# 328 Born to run, Né pour courir, Christopher Mcdougall
Marie a longtemps insisté pour que je lise Born to run (également recommandé par Mathieu dans les commentaires de ce post) et elle a fini par me l'offrir.
(Je lui fais vraiment faire n'importe quoi à ce chat...)
En essayant de comprendre pourquoi il se blesse systématiquement lors de ses footings, le journaliste Christopher Mcdougall dessine un essai très intéressant sur la course minimaliste. A travers ses investigations et l'histoire de l'ultratrail, il nous emmène à la rencontre des Tarahumaras, un peuple qui vit à l'écart de notre marche du monde dans les canyons du nord du Mexique et dont la pratique de la course à pied revêt un caractère culturel et social sacré.
De vulgarisations scientifiques sur le fonctionnement de notre corps en stratégies marketing des firmes sportives, l'auteur nous interroge sur notre rapport au corps. Ceux qui ne connaissent pas le souffle, la respiration et la liberté que procurent les sports d'endurance n'y trouveront peut-être aucun sens. Une nouvelle fois, le très beau texte de Christophe Ono-Dit- Biot trotte dans ma tête.

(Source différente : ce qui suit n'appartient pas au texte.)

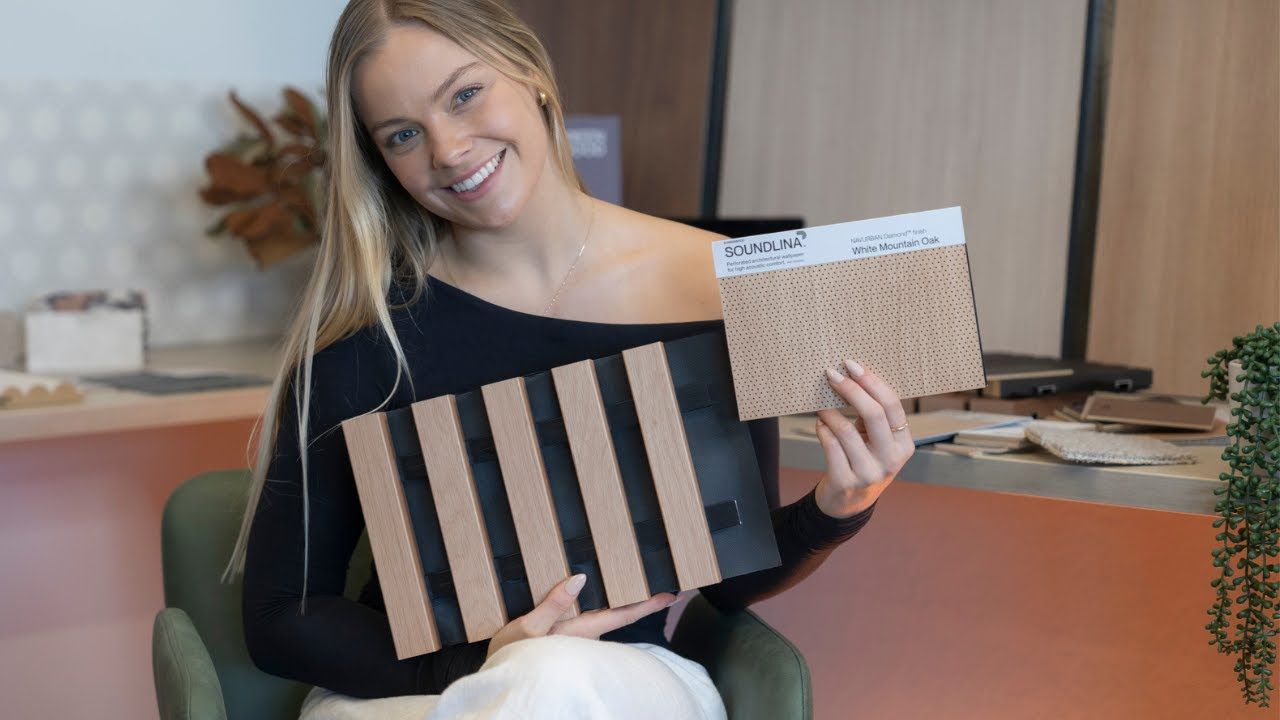 Need an acoustic solution without compromising design? SOUNDLINA by Screenwood is the answer!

Si la danse me permet de me réconcilier avec la légèreté, la pratique de la course à pied est, elle, le reflet de mon intranquilité. Il est de certaines lectures comme des rencontres, elles s'imposent parfois à nous. Au moment où j'aspirais à retrouver l'insouciance perdue avec le confinement et à échapper à l'enfermement que l'absence de voyage provoque désormais sur moi, je suis prête à invoquer les dieux des Tarahumaras pour qu'enfin les démons de la remise en question se barrent de ma vie!

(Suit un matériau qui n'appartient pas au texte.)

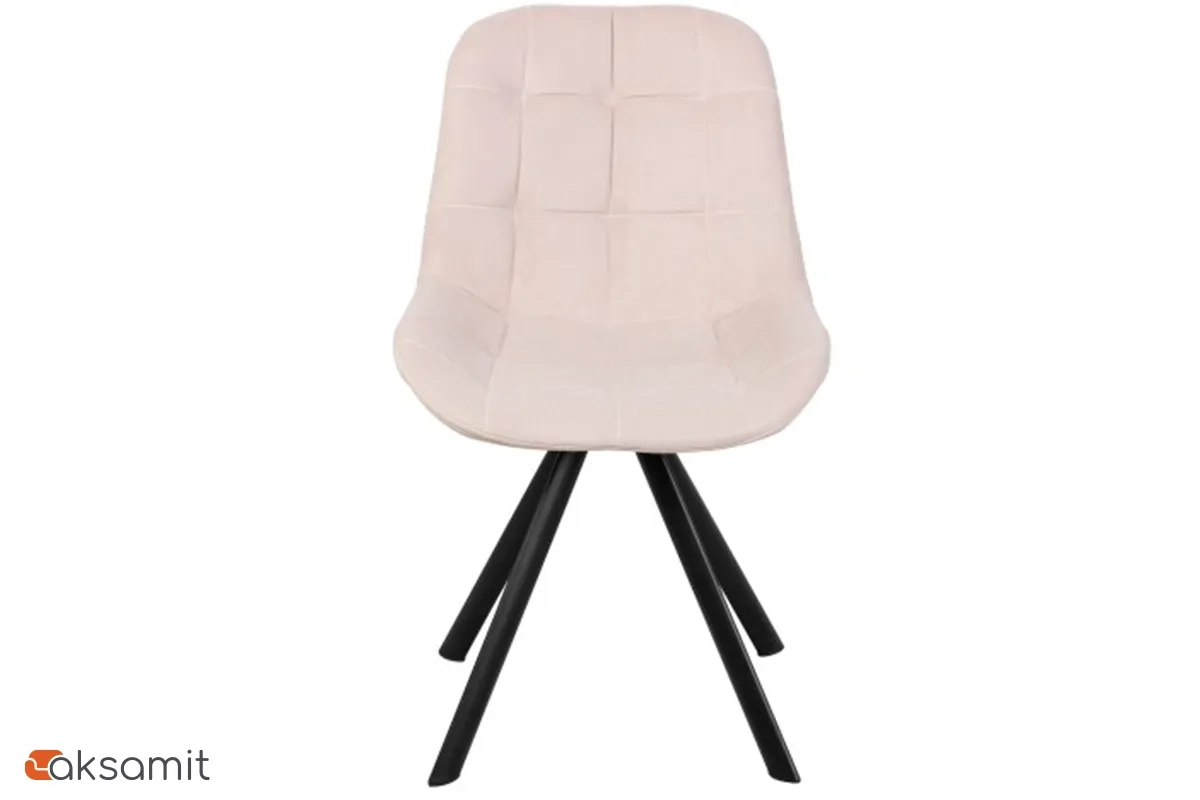 Стул поворотный Тоскана Стиль (Муар черный/Велюр Dream bone/Кремовый) СРП-433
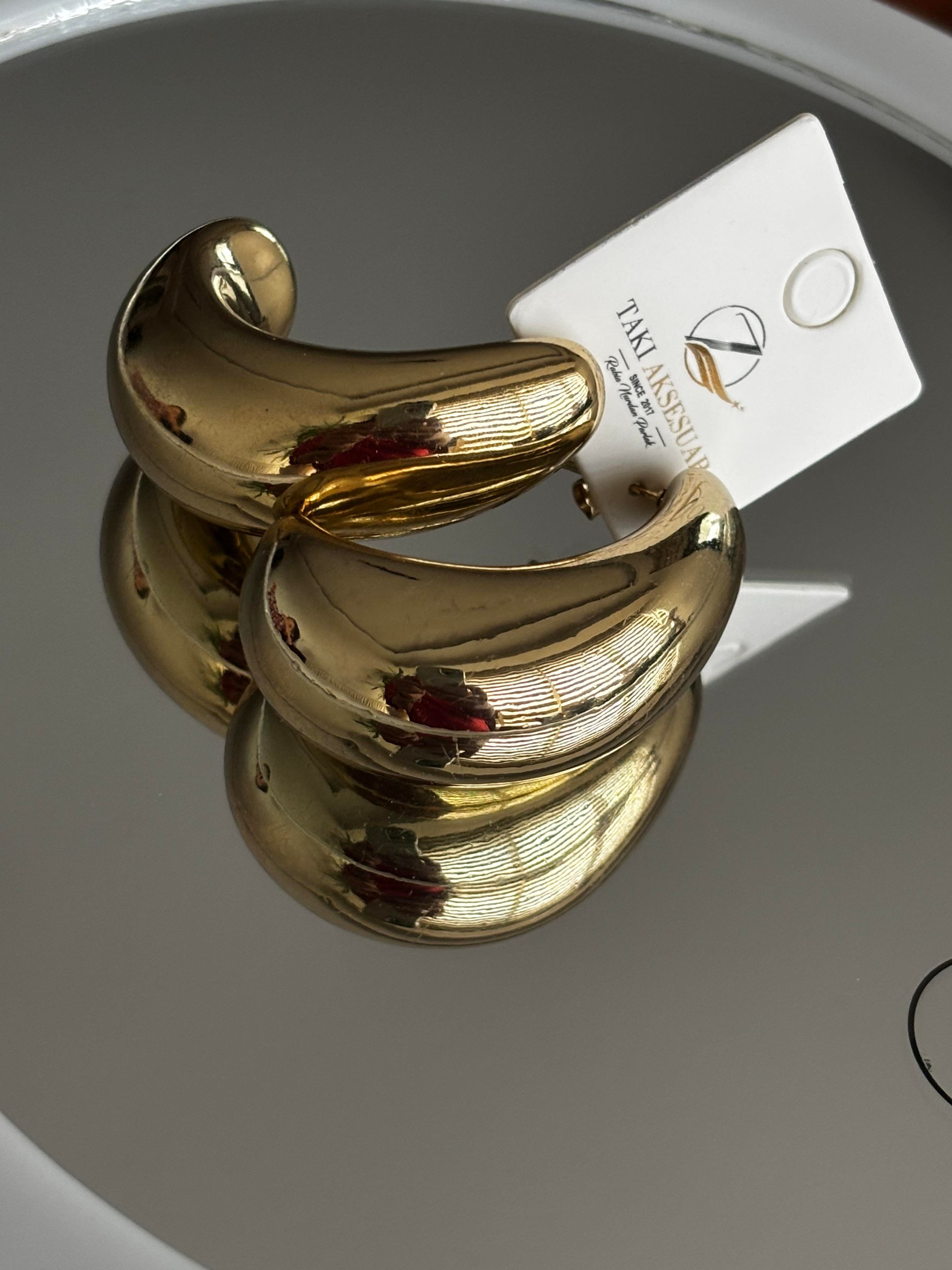 Çelik gold Vip küpe
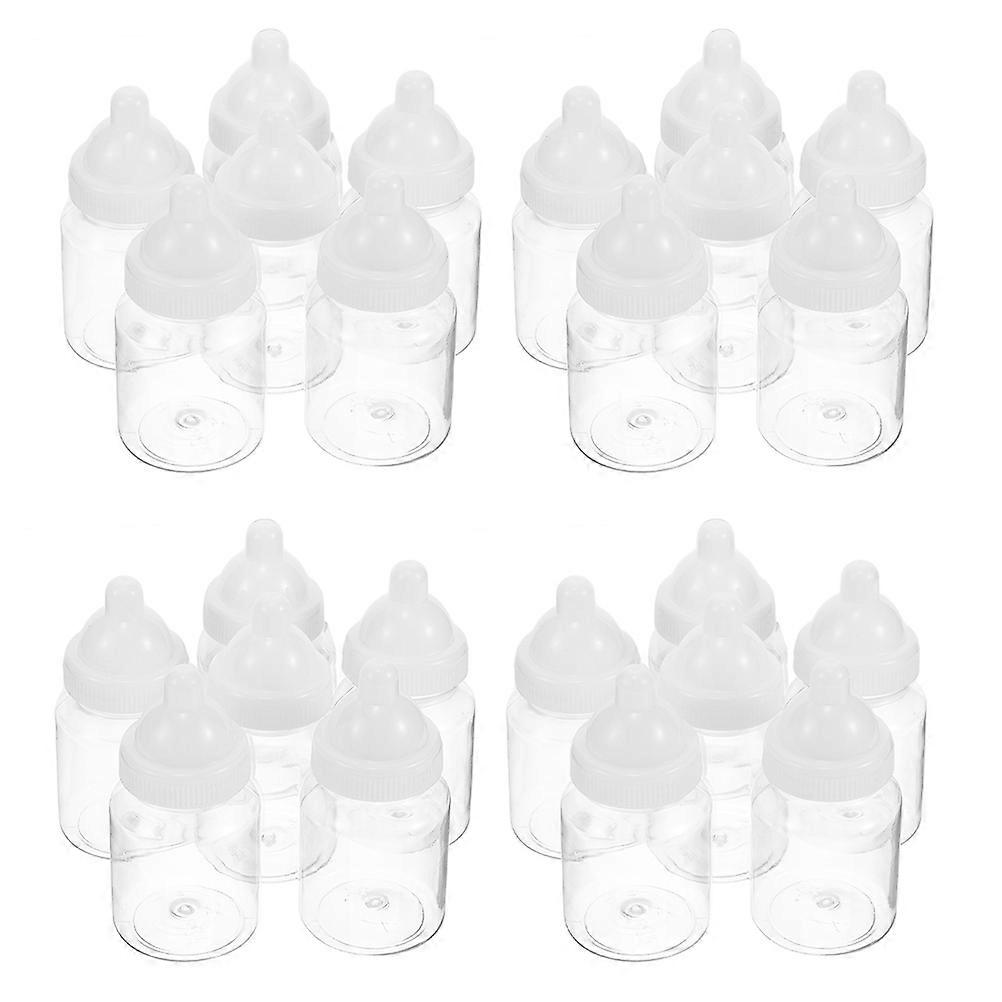 Baby Bottle Candy Boxes for Storage Use Plastic Candy Containers 24Pcs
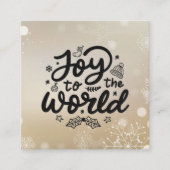 Kaart Inserts voor Handgemaakte Kaarten Kerst Vierkante Visitekaartje (Voorkant)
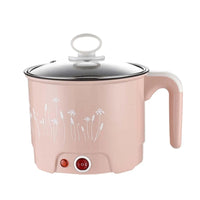 Electric Pots Household Portable Multipurpose Mini Ramen Cooker Noodles Cooker Mini Pot for Shabu Shabu Dumpling Fry Ramen Eggs Good Vibrations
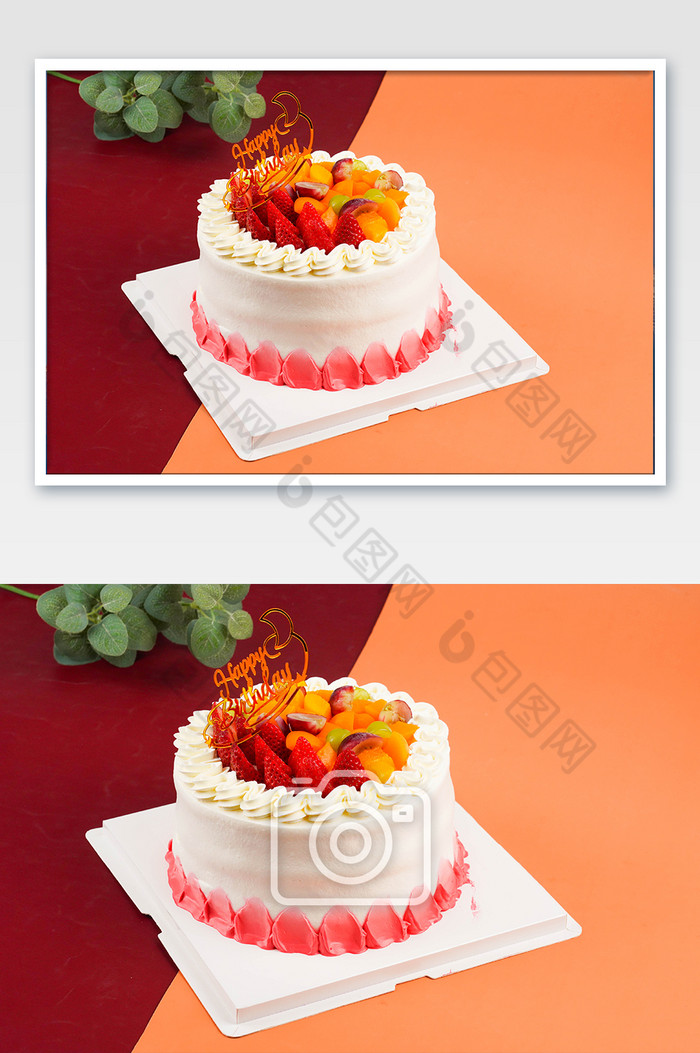 美味水果蛋糕生日蛋糕图片图片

Quand je chausse mes baskets c'est comme si j'etais face à une feuille blanche et au fil des kilomètres, je déroule dans ma tête les mots et les maux; j'ai écrit des dizaines de débuts de roman et réglé pas mal de comptes, j'ai pris des décisions, j'ai pleuré, je suis tombée, je me suis dépassée. J'ai couru seule, à deux, à plusieurs. C'est là que j'ai réalisé qu'on se parlait souvent mieux côte à côte plutôt que face à face: comme si accorder sa cadence était déjà une écoute de l'autre. "Nous ne courons pas pour nous mesurer les uns aux autres, avait-il réalisé, mais pour être les uns avec les autres".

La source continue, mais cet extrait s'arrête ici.